Many musicians from the Metropole Orkest and other radio bands became the first teachers in the jazz departments of conservatories that started in the late 1970s, propagating a bebop orientated approach to advanced jazz education.

As a counterpoint, a rebellious new generation of jazz musicians began to dominate the Dutch jazz scene in the mid 1960s. People like Willem Breuker, Misha Mengelberg and Han Bennink were associated with free jazz, and also had links with contemporary composed music. They created a ‘Dutch School’ which has been documented by the American author Kevin Whitehead in his book New Dutch Swing (1998).

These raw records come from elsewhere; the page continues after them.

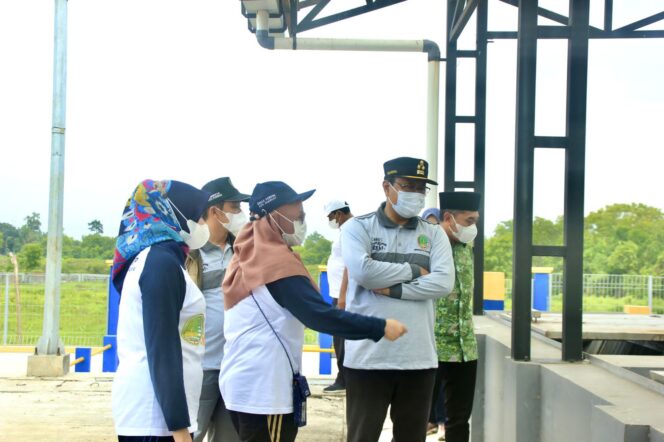 
Kini Kota Pasuruan Miliki Instalasi Pengolah Lumpur Tinja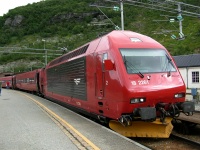 Oslo Scenes - Noway Train System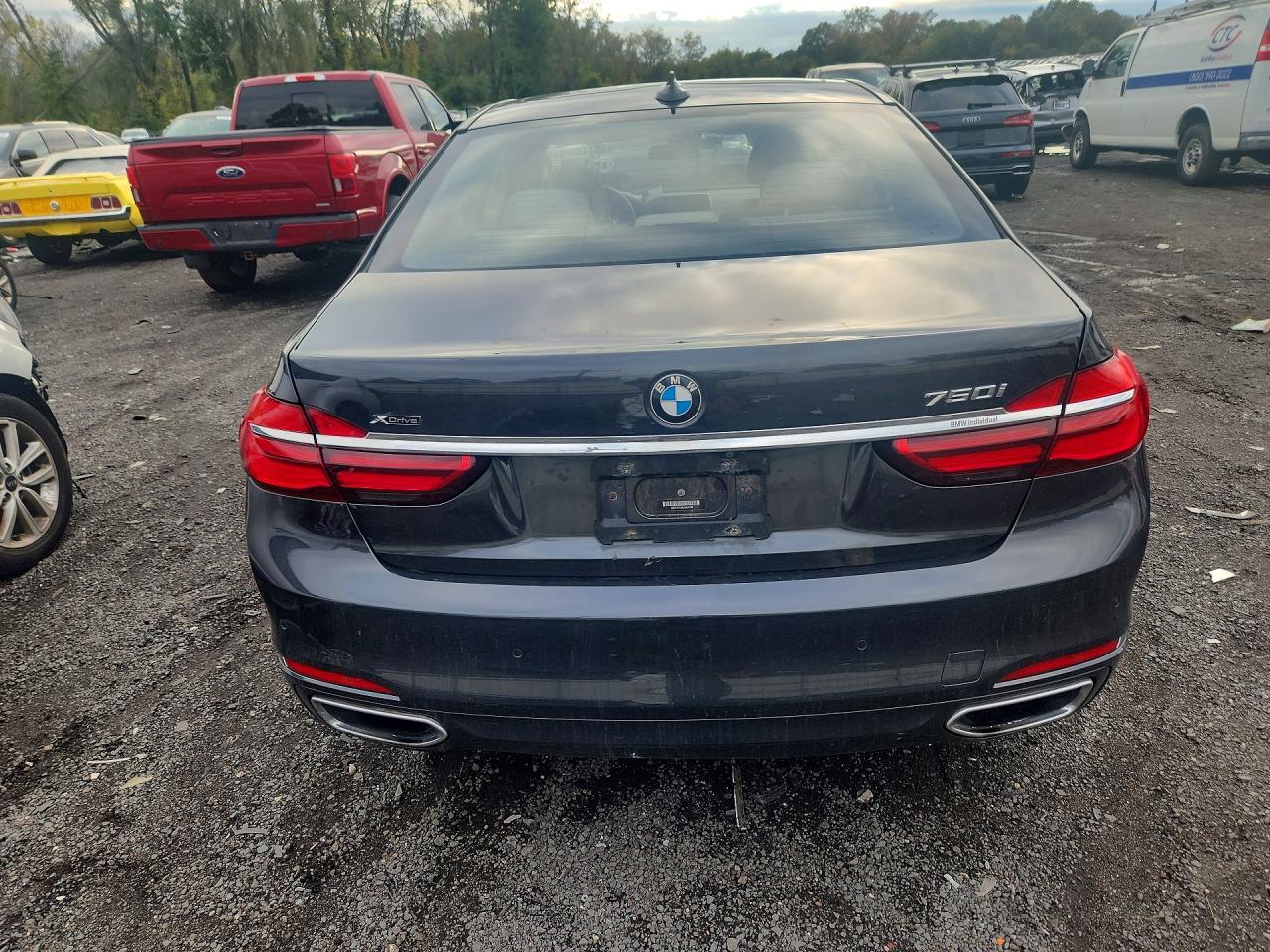 2018 BMW Seria 7 B7 - zdjęcie 6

This same generation of musicians laid the base for government funding of jazz, and in 1971 created the first trade union for jazz musicians, the BIM (Beroepsvereniging van Improviserende Musici). In 1974, the BIM also established the Amsterdam Bimhuis, which evolved into the principal jazz venue in the Netherlands. During the 1970s, in the wake of these initiatives, new contemporary jazz scenes emerged elsewhere in the country, especially in Tilburg, Groningen and The Hague.

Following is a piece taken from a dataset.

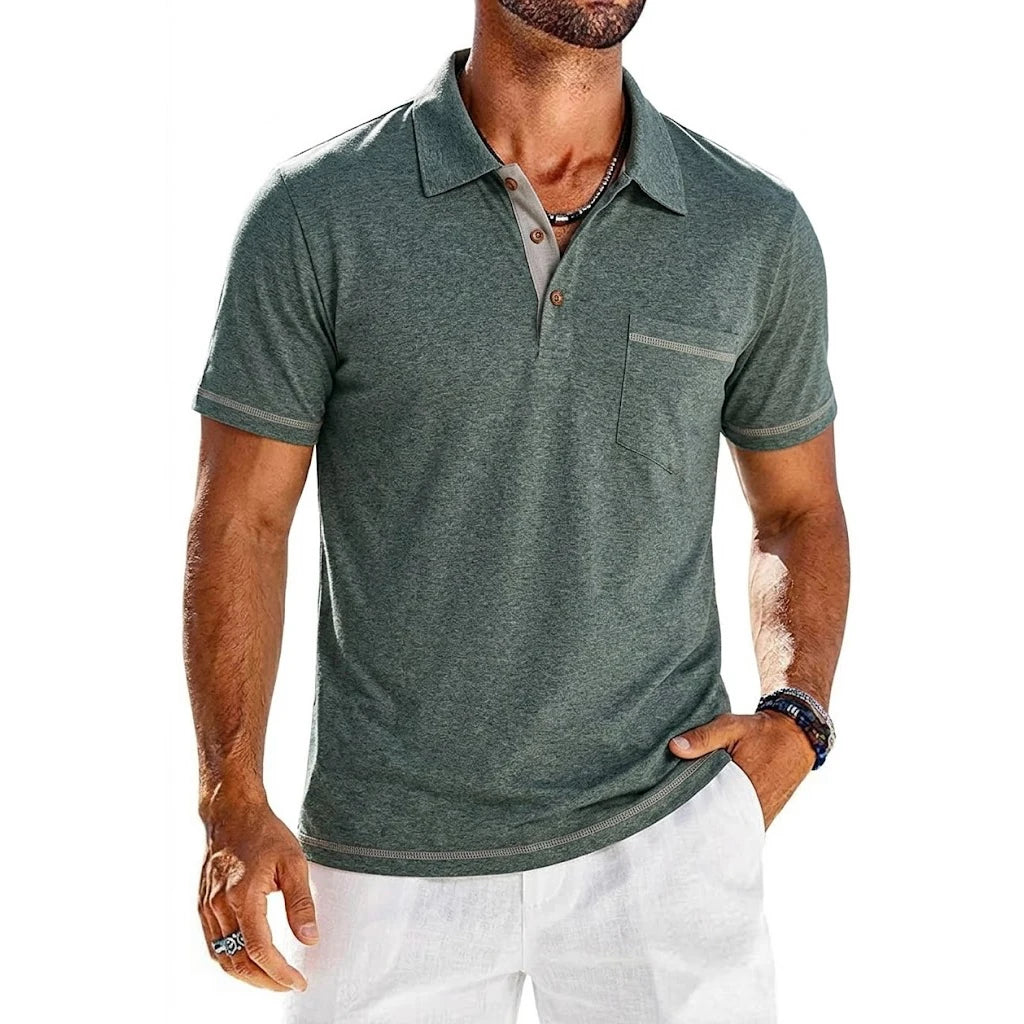 Jean™ | Polo Classique pour Homme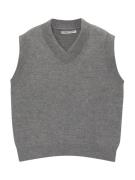 Pull&Bear Neuleliivi  harmaa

Until the turn of the century the Dutch jazz scene still was somewhat divided between the two conceptions of playing jazz. Since then that divide has all but disappeared. Today’s musicians have a less dogmatic, more eclectic approach to their art, also influenced by musicians from abroad and the influx of international students at the jazz departments of Dutch conservatories.

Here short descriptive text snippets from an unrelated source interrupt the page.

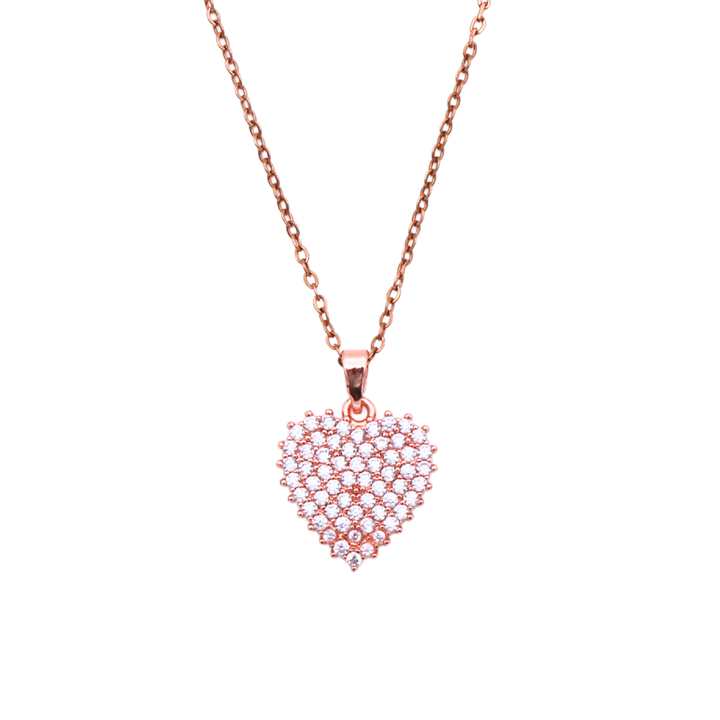 Eternal Love Pendant-Love Shine Chain Pendant- Pratisona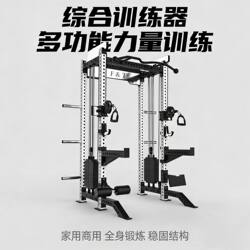 Rep Little Flying Bird Gantry Home Gym Commercial Stainless Steel Comprehensive Trainer Squat Bench Press Rack Integrated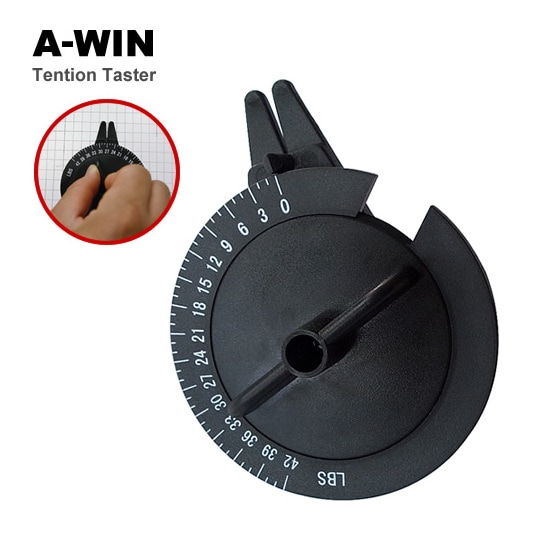 特価】A-WIN テンションテスター 張力測定器 バドミントン アーウィン
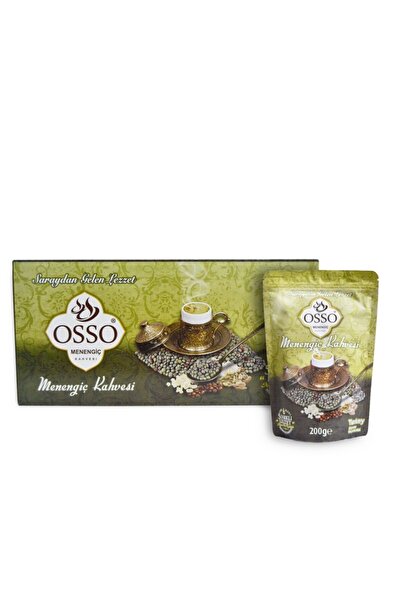 OSSO KAHVE أوسو ميننجيك 24x200 جرام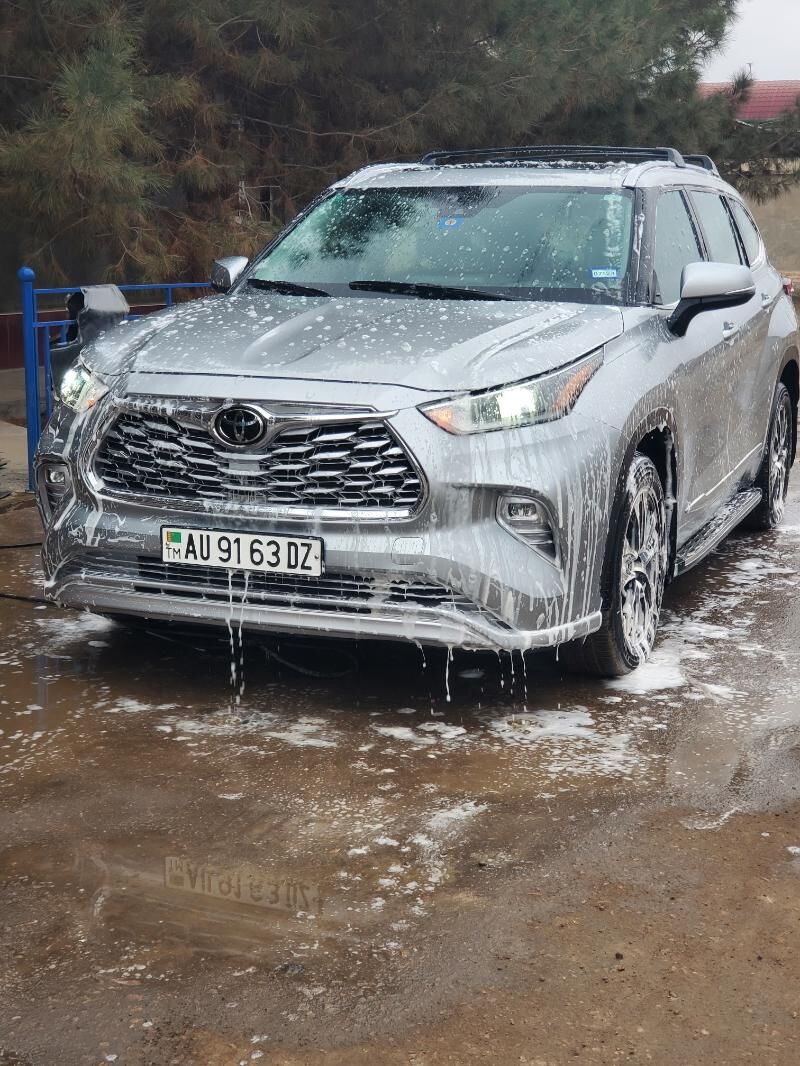 Toyota Highlander 2021 - 500 000 TMT - Дашогуз - img 3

Partly due to the relocation of North Sea Jazz Festival from The Hague to Rotterdam in 2006, the Rotterdam jazz scene has been revitalized with more festivals, events and concert locations than before.

In 2012 the Dutch government made massive cuts in the subsidies for performing arts, seriously damaging the funding and support structures for jazz. The adverse effects are still being felt today. Nevertheless, many musicians remain resilient and active in promoting and releasing their own music in the Netherlands and abroad. Although the possibility to perform in jazz clubs has been reduced over the years, the number of festivals has grown. 

Unfortunately there are no current statistics on the number of jazz concerts and their attendance. The most recent data are from 1997 when approximately 8.000 annual jazz concerts were counted in the Netherlands.